Vi o Mundo, por Luiz Carlos Azenha
por Barbara Probst Solomon*, no El Pais
Sua postura excessivamente conciliadora com a direita política e o mundo financeiro mais seu apoio à reeleição do prefeito de Nova York estão provocando críticas entre os democratas
Enquanto o premio Nobel da Paz é concedido a Obama, nos Estados Unidos o presidente se meteu em uma disputa com seus eleitores progressistas por sua inatividade frente a grande problemas e por cortejar demasiadamente os republicanos. Durante um discurso apaixonado no Congresso, o jovem advogado da Flórida Alan Grayson fascinou a Câmara com um estilo cinematográfico realmente parecido com o de James Stewart em Cavaleiro sem espada.
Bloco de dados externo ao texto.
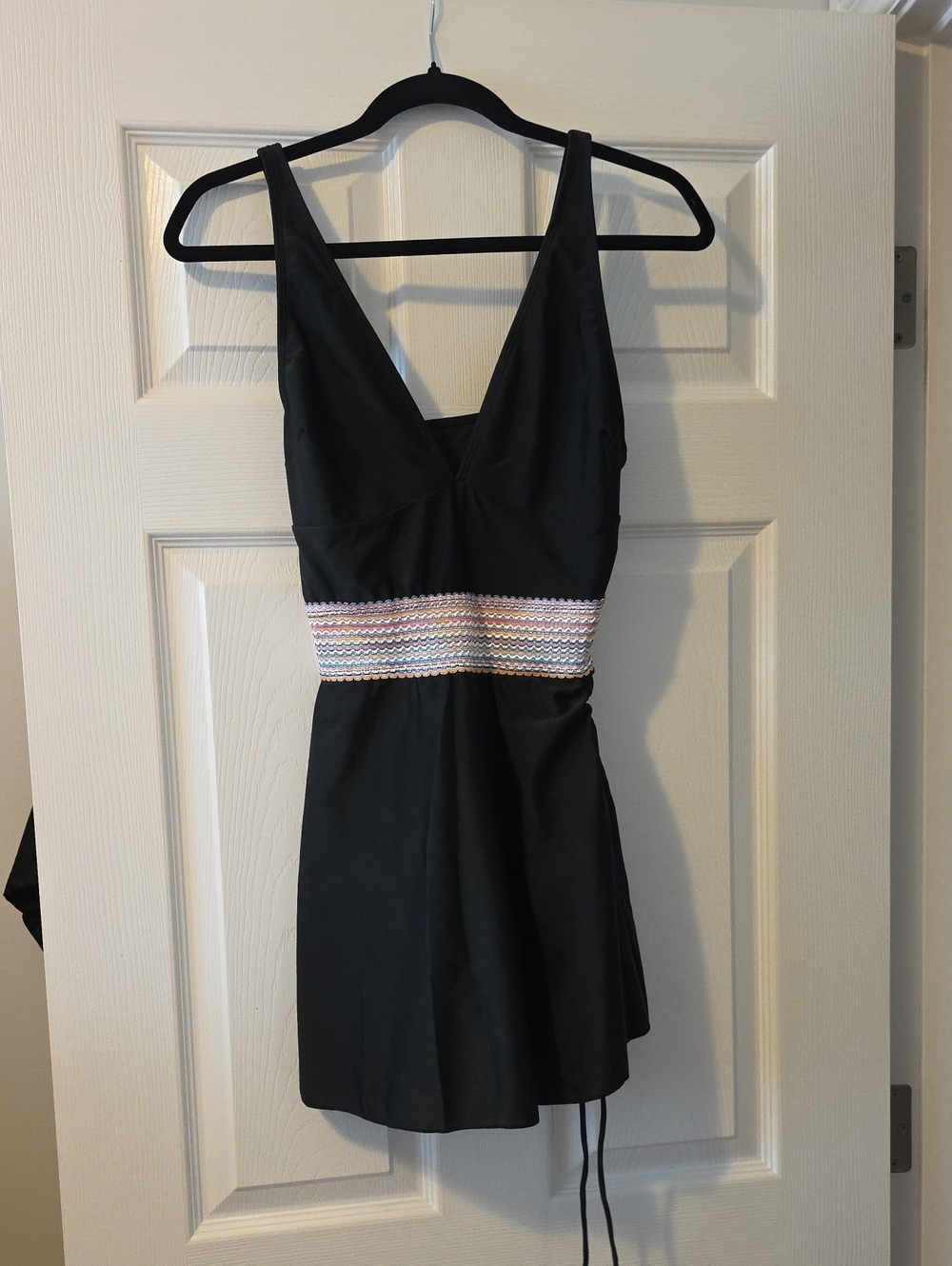 Black One-Piece Swimdress with Multicolor Waistband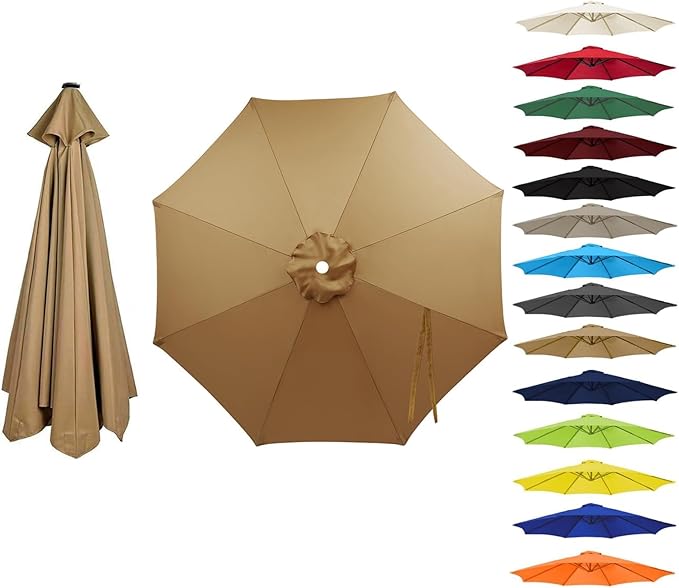 6 Ribs 8 Ribs Patio Umbrella Replacement Canopy 6.5ft 7.5ft 8.2ft 8.8ft 9.8ft 11.5ft, Waterproof UV Protective Parasol Umbrella Fabric, Easy to Install (Canopy Only)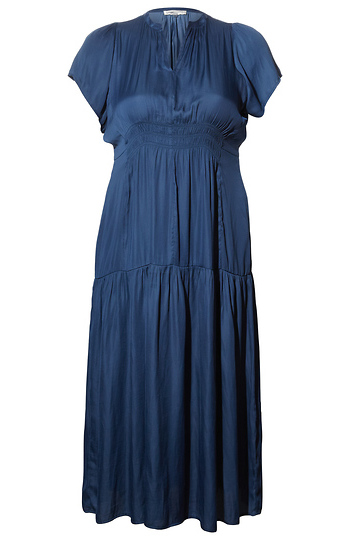 Smocked Split Neck Dress Slide 1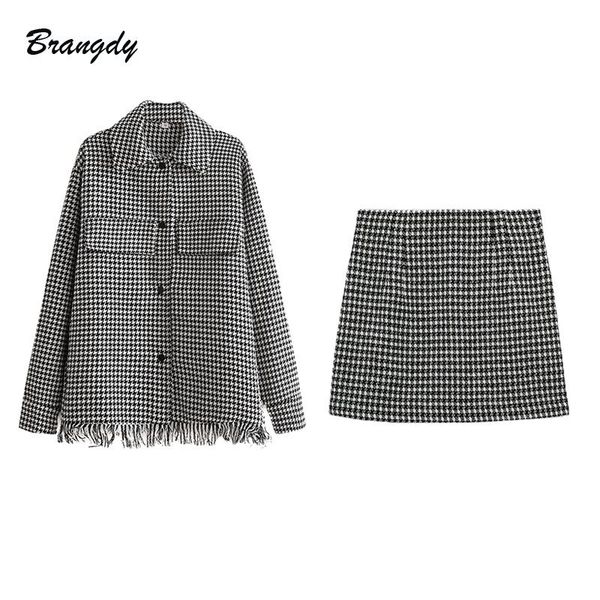 

dress women's jackets suits vintage two piece coats ladies outfit plaid woman coats with pockets tassel loose houndstooth outcoats, White
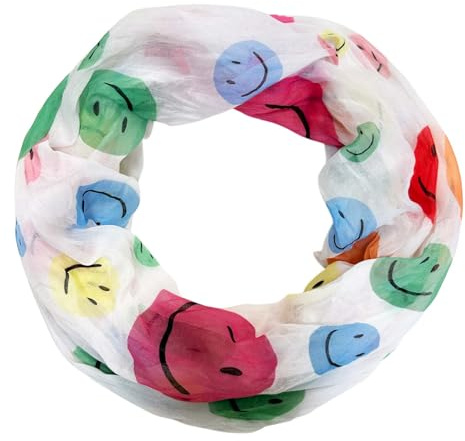 Jeamis Smiley Seide Loop Farbverlauf Frühling Rundschal Unisex Sommer Herbst Leicht Schal Stola Silk Gesicht Smile (GrünGelb)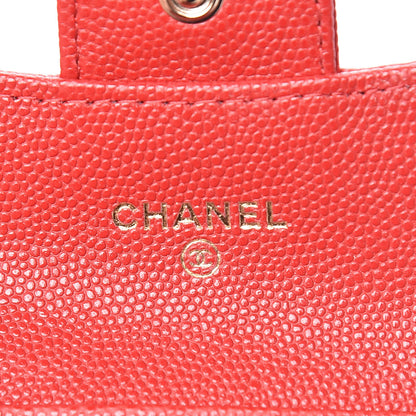 Chanel Caviar Quilted Flap Card Holder On Chain Red 6 of 12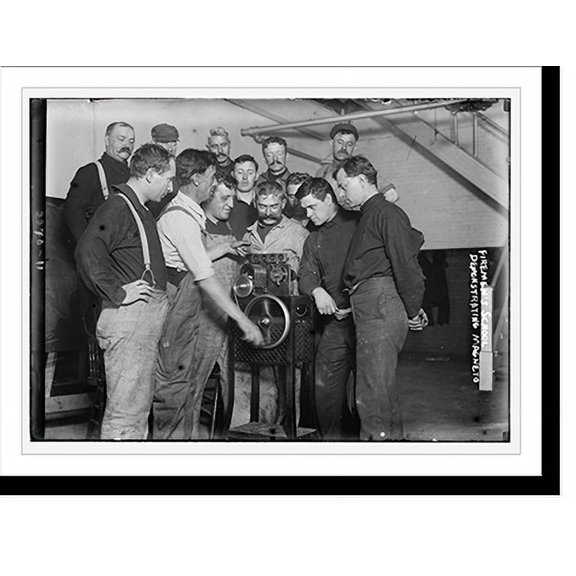 Historic Print, Fireman's School - demonstrating magneto, 16" x 20"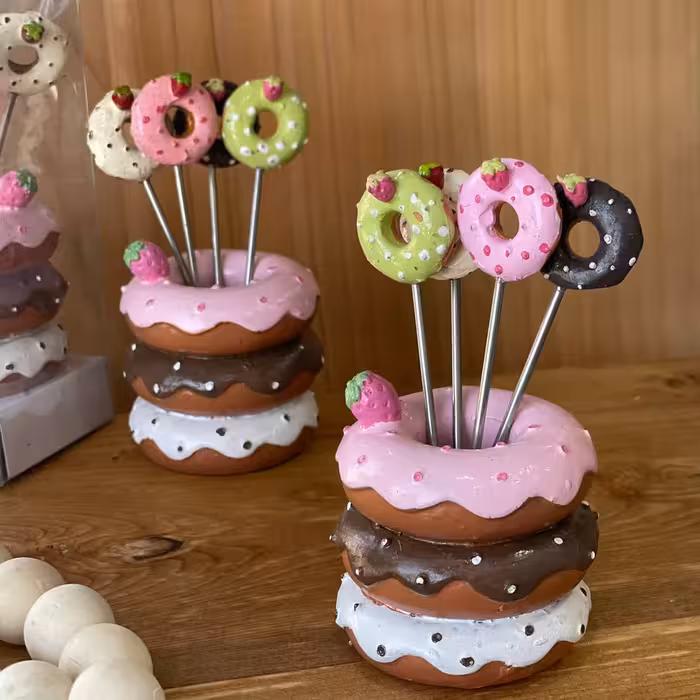 چنگال زیتون خوری طرح دونات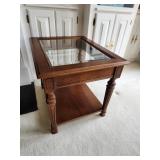 Wood and Glass End Table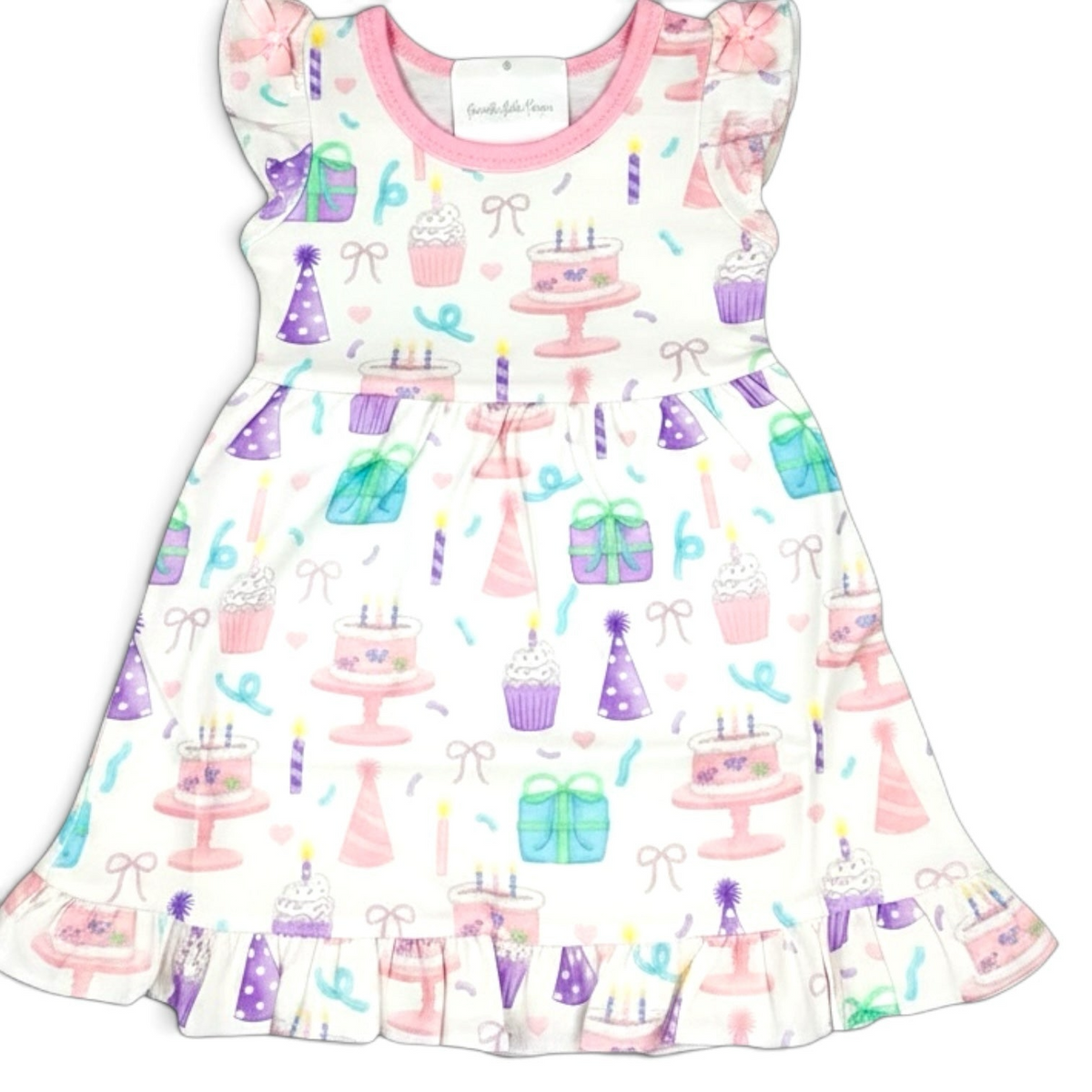 Nannette's Online Designs toddler birthday dress with pastel cake, cupcake, and gift print, flutter sleeves, and ruffles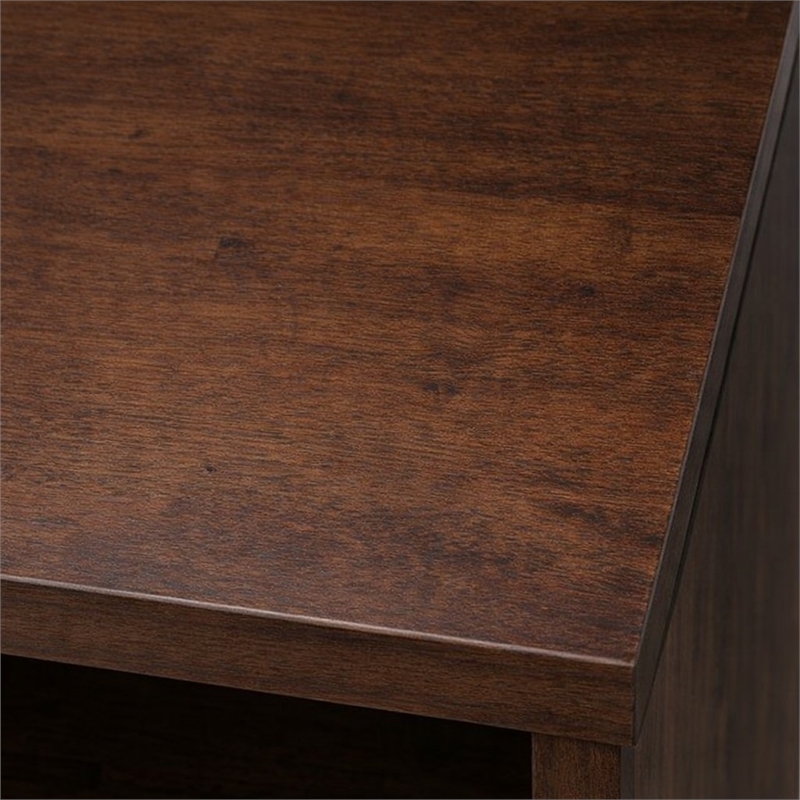 Scranton & Co Mid-Century Walnut Brown Bookcase with Storage and Shelves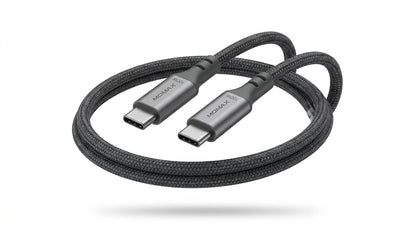 future tech gadgets Canada. premium tech accessories Canada. Momax 1-Link CC 100W USB-C 3.0M Braided Cable. Gallery image 7. Lines name one specific SKU—never substitute a generic lookalike from the category. After review passes, each render should still read as a fresh studio viewpoint of that same physical unit.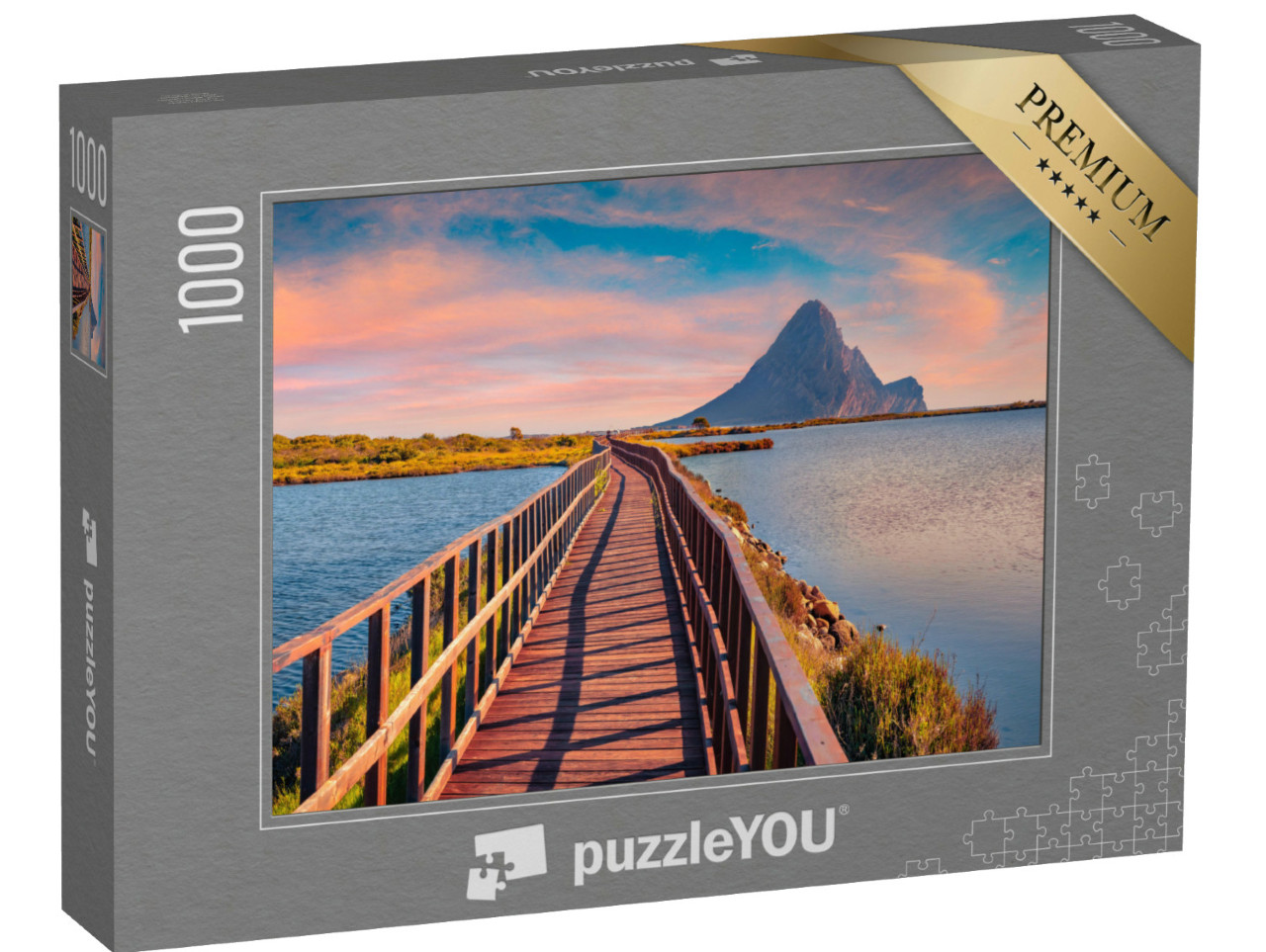 Puzzel 1000 stukjes „Houten loopbrug naar de Spiaggia di Porto“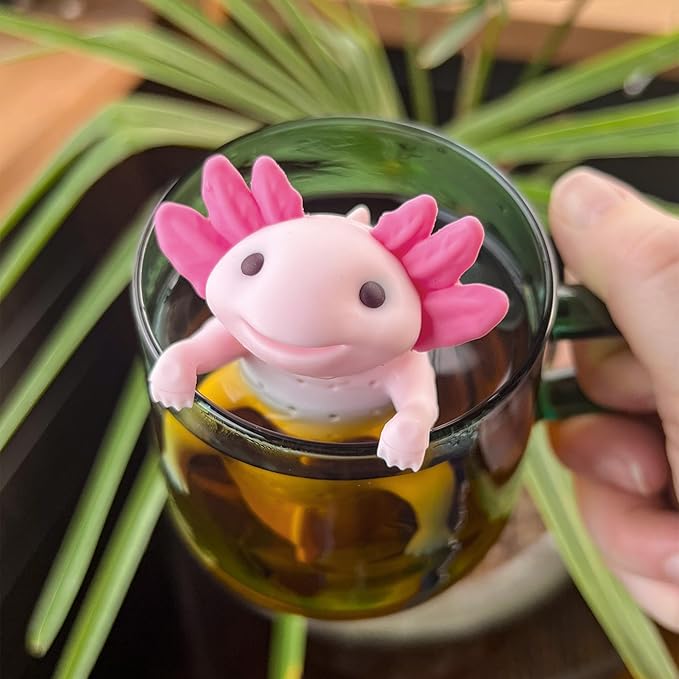 Genuine Fred RELAXOLOTL Tea Infuser, Cute Axolotl Design, For Loose Leaf Tea, Flexible, Easy to Clean Silicone, Fun Gift for Tea Lovers, Clever Kitchen Gadget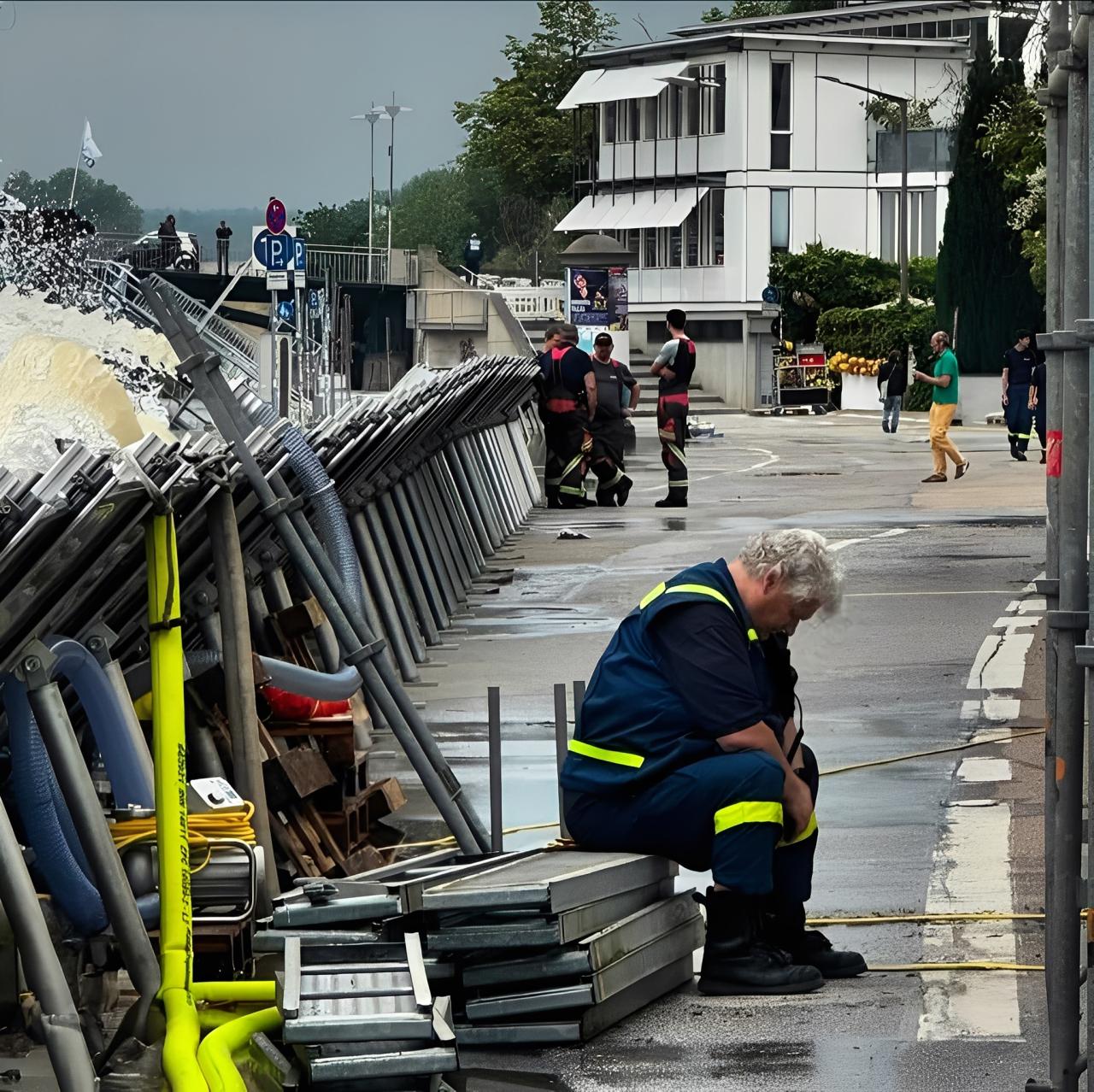 Sad/exhausted construction worker sitting down on the street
Em primeiro lugar, rechaçou a desagradável reação dos republicanos ao Nobel concedido ao presidente: "Se Obama promover a paz no mundo, os republicanos vão acusá-lo de arruinar o setor da defesa; se Obama comer sanduíche de baicon com tomate, proibirão o baicon". Na continuação, lançou ataques a companheiros democratas pela ineficácia demonstrada na reforma da saúde: os atacou por terem passado mais de seis meses buscando o possível voto de Olympia Snowe, [republicana] eleita pelo estado do Maine, assinalando que ela não havia sido eleita presidente, que não tem poder de veto e que representa um estado que tem unicamente 0,5% da população do país e que, como os republicanos só sabem dizer não, os democratas podem e devem aprovar uma boa lei de assistência de saúde sem eles.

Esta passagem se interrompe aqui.